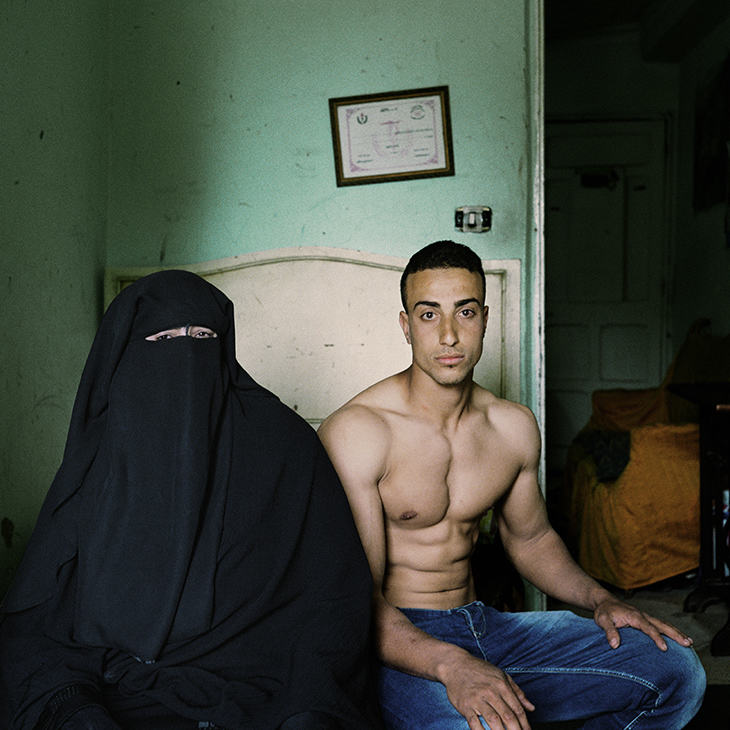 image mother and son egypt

....

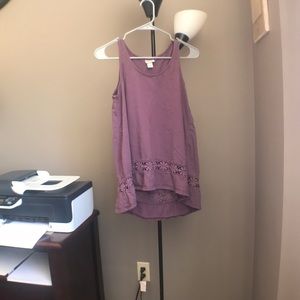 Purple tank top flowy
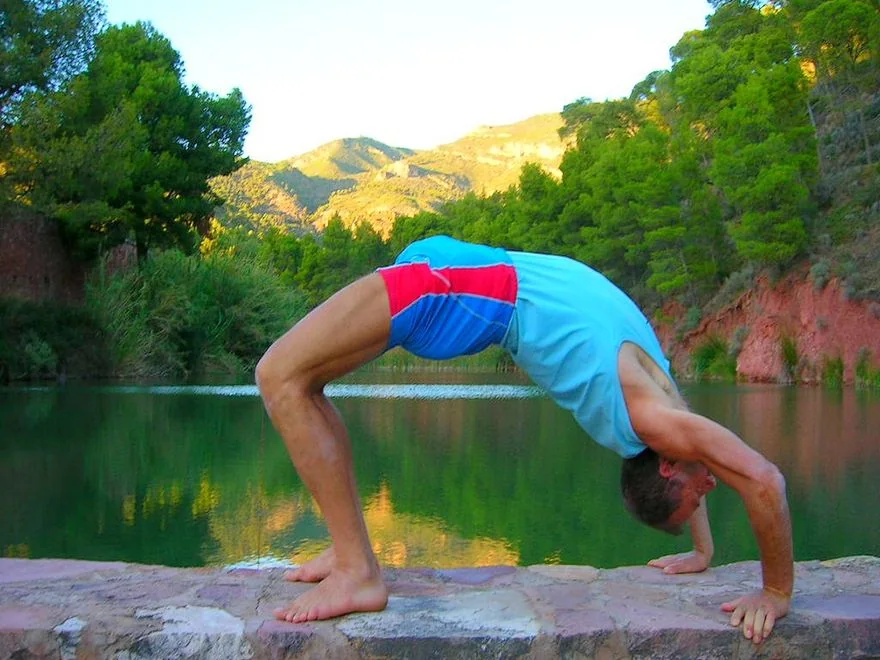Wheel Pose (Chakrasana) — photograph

....

Copy exactly the part of the material above that opens with the line containing "Purple tank top flowy" and closes with the line containing "Wheel Pose (Chakrasana) — photograph", ends included. Drop the images.

## COMPLETED EXERCISE
 Purple tank top flowy
Wheel Pose (Chakrasana) — photograph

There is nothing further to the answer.